── Data under study

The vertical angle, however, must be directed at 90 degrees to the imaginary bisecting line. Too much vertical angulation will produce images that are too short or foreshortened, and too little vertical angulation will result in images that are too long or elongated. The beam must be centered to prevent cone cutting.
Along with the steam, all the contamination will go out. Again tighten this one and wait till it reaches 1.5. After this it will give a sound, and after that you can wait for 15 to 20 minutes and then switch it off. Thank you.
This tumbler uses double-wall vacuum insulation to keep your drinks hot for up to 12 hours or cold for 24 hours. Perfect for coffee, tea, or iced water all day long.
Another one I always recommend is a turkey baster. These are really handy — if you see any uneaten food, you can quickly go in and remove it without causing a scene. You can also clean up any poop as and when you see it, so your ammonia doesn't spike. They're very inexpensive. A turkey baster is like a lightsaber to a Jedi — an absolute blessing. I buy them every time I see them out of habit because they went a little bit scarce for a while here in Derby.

────
── Data under study

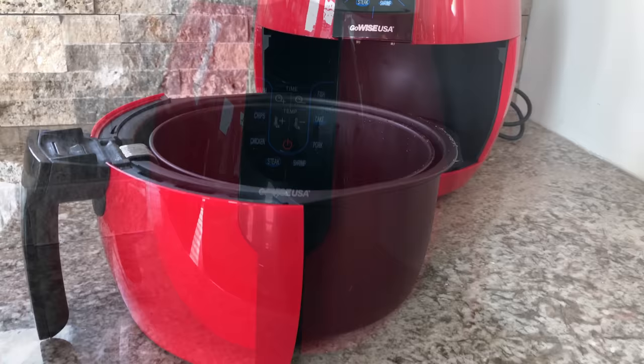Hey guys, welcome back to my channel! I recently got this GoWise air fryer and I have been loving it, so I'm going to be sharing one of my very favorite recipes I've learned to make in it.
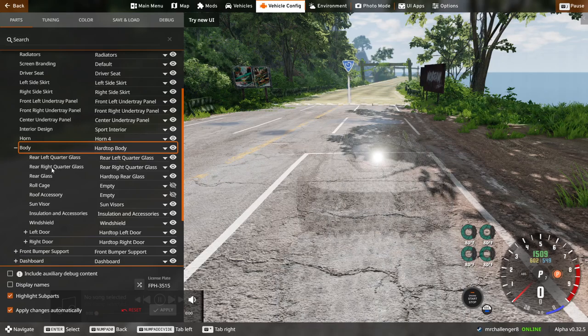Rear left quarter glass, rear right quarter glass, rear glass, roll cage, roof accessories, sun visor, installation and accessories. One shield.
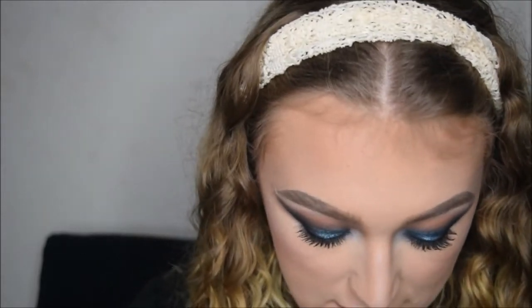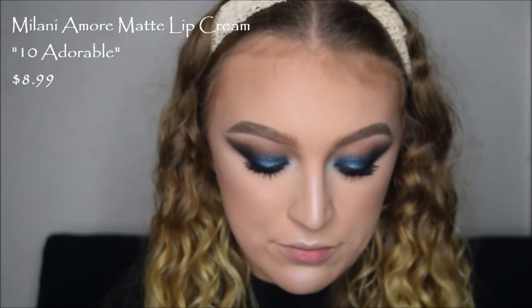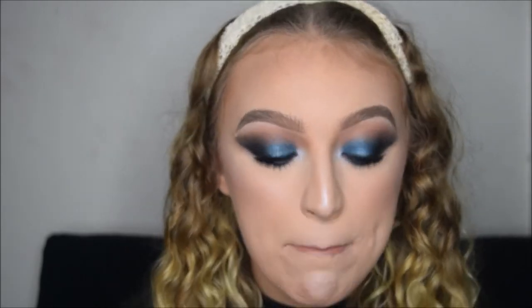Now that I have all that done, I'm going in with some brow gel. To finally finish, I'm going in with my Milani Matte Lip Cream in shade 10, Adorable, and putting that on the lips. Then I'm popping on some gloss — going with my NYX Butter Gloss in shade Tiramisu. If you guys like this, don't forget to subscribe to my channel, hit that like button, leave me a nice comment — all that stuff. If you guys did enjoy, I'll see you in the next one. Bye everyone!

────

* _What the task asks_: Keeping every character as it is, restate the lines above that run from the line with "This tumbler uses" through the line with "Another one I", both included, and nothing else.

* _Reply to the task_:
This tumbler uses double-wall vacuum insulation to keep your drinks hot for up to 12 hours or cold for 24 hours. Perfect for coffee, tea, or iced water all day long.
Another one I always recommend is a turkey baster. These are really handy — if you see any uneaten food, you can quickly go in and remove it without causing a scene. You can also clean up any poop as and when you see it, so your ammonia doesn't spike. They're very inexpensive. A turkey baster is like a lightsaber to a Jedi — an absolute blessing. I buy them every time I see them out of habit because they went a little bit scarce for a while here in Derby.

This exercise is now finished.